Hi guys, I started this Topic regarding fine tuning Wav2Vec2 in Portuguese language. Let’s exhange knowledge and help to implement this model at HuggingFace
I’m training on Google Cloud with 2 T4 GPUs, which are quite inexpensive and using
screen to keep the code running, even if SSH disconnects for any reason. Steps to run screen properly:
$ script /dev/null $ screen
$ python training.py
To check what part of the code is running, SSH again an run:
$ screen -r
$ screen -d -r 3310
To quit screen:
$ screen -X -S 3310.pts-6.training quit
Do you think it will be possible to do it on Colab?
The dataset looks huge and becomes larger after all the caching of the processed data.
Hi Gunjan, I tried to train on Colab but I had a “memory full” error. As seen in our Slack, the model can be trained on OVH Cloud: https://www.ovh.ie/
- fill this form OVH - Wav2Vec2 - Fine Tuning week - GPU accounts - Google Sheets
- they will send a voucher code
- more in the discord channel: https://discord.gg/HaNEhBax
You can also try with 24GB RAM and NVIDIA P100 on Google Colab, make a copy of this notebook and use it: https://colab.research.google.com/drive/1D6krVG0PPJR2Je9g5eN_2h6JP73_NUXz
Current state of effort:
My main model wer got stuck at 0.3656 = 3e-4 became a high learning rate. This happened in checkpoint 2600. So, I decided to use the saved weights to run two models in parallel.
First model: take original model and decrease learning rate to 0.8e-4: result so far at checkpoint 400:
Second model: comment #model.freeze_feature_extractor(). Result so far at checkpoint 400 (this will take much longer to train):
Also, I had GPU issues so the training is not optimized.

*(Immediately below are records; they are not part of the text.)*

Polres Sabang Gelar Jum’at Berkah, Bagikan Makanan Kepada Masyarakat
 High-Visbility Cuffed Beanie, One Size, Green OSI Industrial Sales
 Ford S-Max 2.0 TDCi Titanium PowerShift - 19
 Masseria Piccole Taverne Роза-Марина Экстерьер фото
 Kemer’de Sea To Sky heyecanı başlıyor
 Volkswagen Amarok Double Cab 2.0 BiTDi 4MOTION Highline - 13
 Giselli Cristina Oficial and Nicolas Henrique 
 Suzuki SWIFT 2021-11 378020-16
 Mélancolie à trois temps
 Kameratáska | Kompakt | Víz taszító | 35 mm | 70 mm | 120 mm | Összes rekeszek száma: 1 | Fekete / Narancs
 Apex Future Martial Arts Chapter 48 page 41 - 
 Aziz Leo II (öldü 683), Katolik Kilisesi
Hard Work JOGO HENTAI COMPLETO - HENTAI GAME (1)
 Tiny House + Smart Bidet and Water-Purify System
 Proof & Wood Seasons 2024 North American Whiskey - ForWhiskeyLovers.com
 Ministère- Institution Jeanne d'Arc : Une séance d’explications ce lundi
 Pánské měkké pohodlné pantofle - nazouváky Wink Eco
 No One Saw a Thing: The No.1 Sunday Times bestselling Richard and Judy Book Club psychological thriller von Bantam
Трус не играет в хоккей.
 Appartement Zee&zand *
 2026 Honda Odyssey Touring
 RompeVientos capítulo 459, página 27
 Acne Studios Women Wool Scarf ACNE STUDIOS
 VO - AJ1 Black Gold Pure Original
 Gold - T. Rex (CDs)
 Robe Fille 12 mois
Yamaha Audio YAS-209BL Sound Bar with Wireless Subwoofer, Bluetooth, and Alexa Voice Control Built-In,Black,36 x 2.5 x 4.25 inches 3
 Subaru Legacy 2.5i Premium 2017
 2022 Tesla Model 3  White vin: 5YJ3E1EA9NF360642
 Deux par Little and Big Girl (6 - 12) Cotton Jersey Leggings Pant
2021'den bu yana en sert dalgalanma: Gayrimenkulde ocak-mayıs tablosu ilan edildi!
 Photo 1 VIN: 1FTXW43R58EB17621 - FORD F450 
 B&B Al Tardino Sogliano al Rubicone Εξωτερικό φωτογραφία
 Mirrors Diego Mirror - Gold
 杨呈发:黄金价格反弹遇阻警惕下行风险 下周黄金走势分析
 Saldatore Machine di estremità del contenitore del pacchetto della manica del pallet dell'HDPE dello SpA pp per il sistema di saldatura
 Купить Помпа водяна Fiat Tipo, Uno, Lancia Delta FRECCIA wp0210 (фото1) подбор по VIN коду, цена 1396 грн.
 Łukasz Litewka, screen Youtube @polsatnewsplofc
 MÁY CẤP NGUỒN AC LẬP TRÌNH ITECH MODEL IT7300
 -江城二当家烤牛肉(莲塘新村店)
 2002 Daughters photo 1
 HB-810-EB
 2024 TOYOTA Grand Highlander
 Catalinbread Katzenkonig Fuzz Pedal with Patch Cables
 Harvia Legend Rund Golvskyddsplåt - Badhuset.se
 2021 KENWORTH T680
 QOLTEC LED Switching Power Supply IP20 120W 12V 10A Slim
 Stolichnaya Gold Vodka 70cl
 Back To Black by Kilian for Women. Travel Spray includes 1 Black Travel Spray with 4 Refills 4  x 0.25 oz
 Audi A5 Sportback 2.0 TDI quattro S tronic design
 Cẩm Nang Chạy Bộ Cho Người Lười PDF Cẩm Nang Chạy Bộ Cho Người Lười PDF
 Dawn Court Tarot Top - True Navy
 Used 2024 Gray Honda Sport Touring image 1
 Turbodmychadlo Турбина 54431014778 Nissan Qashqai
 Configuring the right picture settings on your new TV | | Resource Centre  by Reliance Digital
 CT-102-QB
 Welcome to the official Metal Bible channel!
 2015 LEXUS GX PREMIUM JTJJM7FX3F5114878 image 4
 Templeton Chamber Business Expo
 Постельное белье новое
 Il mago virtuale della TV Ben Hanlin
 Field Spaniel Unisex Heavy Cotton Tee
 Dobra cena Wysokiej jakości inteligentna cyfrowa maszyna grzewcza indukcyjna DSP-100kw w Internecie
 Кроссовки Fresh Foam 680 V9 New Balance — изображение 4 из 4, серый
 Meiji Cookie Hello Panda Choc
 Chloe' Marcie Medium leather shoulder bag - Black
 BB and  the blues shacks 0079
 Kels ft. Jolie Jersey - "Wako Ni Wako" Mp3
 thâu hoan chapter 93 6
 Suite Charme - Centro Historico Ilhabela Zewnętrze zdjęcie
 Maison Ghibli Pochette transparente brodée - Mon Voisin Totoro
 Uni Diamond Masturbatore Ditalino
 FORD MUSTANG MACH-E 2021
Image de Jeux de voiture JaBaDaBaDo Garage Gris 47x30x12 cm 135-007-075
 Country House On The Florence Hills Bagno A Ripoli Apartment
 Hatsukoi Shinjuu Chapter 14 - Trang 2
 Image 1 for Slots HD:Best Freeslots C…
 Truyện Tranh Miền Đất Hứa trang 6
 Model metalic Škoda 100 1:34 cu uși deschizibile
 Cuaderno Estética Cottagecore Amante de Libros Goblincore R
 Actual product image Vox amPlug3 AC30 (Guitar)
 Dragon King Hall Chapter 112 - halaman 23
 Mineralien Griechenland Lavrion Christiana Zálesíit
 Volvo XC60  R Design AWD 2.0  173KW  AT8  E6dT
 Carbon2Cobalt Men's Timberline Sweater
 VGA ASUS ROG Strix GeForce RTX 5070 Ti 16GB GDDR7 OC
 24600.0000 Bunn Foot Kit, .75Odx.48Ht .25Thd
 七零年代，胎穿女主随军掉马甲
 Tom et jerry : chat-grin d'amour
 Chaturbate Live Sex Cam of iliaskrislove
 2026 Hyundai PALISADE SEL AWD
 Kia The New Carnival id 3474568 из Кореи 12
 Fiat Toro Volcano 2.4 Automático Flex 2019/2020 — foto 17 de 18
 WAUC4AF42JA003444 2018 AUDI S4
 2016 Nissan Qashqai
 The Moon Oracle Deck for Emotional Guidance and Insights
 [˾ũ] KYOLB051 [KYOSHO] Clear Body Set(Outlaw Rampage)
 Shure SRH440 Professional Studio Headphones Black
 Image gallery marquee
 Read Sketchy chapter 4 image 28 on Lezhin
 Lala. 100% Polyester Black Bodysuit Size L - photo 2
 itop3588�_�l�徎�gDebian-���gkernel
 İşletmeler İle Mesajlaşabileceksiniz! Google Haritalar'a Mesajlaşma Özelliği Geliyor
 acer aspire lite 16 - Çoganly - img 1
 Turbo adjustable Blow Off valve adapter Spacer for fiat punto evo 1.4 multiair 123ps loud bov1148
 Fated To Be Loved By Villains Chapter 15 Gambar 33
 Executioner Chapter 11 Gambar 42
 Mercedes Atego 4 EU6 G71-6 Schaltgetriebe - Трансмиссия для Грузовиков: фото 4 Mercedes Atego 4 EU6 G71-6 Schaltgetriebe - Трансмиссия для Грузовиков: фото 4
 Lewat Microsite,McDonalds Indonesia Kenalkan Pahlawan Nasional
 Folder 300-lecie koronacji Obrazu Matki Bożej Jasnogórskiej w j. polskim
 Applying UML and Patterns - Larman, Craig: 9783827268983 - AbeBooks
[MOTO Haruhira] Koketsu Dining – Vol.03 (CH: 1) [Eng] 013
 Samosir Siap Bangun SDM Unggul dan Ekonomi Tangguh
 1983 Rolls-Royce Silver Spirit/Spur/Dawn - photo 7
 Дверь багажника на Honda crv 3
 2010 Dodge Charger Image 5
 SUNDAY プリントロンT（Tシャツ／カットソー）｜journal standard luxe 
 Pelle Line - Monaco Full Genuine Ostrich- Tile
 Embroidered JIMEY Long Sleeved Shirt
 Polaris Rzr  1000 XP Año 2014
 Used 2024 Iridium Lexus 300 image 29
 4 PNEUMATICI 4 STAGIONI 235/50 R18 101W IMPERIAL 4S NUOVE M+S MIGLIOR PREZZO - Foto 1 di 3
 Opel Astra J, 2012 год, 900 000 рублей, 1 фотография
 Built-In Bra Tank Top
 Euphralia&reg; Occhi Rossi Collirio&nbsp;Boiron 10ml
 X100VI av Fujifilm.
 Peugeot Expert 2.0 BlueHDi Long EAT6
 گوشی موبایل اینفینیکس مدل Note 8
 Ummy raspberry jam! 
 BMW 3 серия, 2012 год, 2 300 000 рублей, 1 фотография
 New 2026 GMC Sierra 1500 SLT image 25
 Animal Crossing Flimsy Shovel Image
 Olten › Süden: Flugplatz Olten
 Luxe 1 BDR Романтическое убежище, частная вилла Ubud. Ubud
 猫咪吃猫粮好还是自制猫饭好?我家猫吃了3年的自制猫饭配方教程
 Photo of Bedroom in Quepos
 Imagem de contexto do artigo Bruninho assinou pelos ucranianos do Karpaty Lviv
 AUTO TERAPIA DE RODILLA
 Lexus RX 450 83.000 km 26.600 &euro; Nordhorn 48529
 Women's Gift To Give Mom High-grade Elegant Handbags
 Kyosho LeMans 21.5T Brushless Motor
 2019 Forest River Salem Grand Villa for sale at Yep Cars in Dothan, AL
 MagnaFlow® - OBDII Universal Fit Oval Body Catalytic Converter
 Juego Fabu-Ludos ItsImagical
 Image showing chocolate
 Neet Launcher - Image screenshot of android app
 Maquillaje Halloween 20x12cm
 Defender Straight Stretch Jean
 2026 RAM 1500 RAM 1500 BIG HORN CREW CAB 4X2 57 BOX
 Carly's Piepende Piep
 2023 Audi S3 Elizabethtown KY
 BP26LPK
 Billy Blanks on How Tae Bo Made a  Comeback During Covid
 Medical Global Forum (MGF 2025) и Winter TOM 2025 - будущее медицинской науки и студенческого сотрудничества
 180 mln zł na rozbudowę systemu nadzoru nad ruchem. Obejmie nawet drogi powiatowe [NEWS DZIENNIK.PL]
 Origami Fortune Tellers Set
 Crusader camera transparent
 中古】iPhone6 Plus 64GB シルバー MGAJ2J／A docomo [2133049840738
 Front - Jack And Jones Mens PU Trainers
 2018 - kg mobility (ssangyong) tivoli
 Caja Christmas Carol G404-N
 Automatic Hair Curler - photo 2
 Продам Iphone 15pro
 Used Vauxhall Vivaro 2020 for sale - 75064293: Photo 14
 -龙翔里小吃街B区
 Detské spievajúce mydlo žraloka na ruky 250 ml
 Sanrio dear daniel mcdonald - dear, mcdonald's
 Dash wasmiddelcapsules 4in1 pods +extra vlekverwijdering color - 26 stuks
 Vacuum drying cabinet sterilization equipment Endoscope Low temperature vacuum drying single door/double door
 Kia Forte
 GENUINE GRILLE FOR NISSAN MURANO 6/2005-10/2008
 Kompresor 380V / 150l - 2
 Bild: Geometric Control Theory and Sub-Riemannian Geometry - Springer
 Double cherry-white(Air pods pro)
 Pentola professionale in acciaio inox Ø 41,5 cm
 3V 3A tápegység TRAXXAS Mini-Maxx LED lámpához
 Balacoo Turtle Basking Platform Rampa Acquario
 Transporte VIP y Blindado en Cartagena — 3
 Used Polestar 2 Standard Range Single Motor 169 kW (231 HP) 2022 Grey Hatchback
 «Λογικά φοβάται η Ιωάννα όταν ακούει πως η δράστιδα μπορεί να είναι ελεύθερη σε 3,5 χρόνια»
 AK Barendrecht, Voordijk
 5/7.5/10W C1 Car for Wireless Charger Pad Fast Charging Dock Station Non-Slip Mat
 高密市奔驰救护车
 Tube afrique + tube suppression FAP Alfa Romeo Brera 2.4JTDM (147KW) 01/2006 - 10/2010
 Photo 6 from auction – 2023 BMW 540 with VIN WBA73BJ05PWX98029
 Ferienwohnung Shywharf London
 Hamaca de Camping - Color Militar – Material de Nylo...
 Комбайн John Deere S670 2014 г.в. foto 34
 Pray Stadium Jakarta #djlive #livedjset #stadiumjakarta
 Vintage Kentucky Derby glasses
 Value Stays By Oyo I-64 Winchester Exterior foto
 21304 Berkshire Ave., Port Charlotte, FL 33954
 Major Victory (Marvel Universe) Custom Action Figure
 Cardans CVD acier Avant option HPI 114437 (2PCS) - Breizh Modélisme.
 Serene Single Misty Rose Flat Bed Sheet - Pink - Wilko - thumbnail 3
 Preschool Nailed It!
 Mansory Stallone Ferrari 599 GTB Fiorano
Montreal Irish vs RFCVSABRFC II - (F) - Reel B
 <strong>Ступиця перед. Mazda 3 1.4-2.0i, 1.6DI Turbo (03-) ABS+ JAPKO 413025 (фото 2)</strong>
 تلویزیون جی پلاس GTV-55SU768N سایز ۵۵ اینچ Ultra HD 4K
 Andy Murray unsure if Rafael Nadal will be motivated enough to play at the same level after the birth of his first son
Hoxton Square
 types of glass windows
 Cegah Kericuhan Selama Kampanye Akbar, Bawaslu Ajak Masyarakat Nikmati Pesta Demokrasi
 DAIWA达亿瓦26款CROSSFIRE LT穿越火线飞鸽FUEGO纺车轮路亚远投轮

Model 2 - comment #model.freeze_feature_extractor() aborted. GPU config issues + computing expensive.
Model 1 - decreased learning rate to 0.8e-4: wer = 0.33
Dataset = common voice = 1.7GB
Nice to know that you found a good set of hyperparameters.
I’m not a native speaker of Portuguese, did you change the vocab dict in any manner?
Oi pessoal, tudo bem?
Estou com dúvida de como fazer a predição
Estou fazendo baseado em um modelo de fine-tuning XLSR-Wav2Vec2
e não acho otimal apagar os labels em texto se depois vou usá-los para comparar
Mas está extremamente desgastante porque eles não explicam qual o formato do input para a função compute_metrics só falam que é pred…então fica um black blox dentro de outro black box…
não sei dar o forward e não tive um contato significativo com pytorch, ai quando vou tentar fazer predição por batch, pronto…
só dá erro…
vou acabar tendo que criar uma função que repete o que outra função faz porque não sei o que é preds…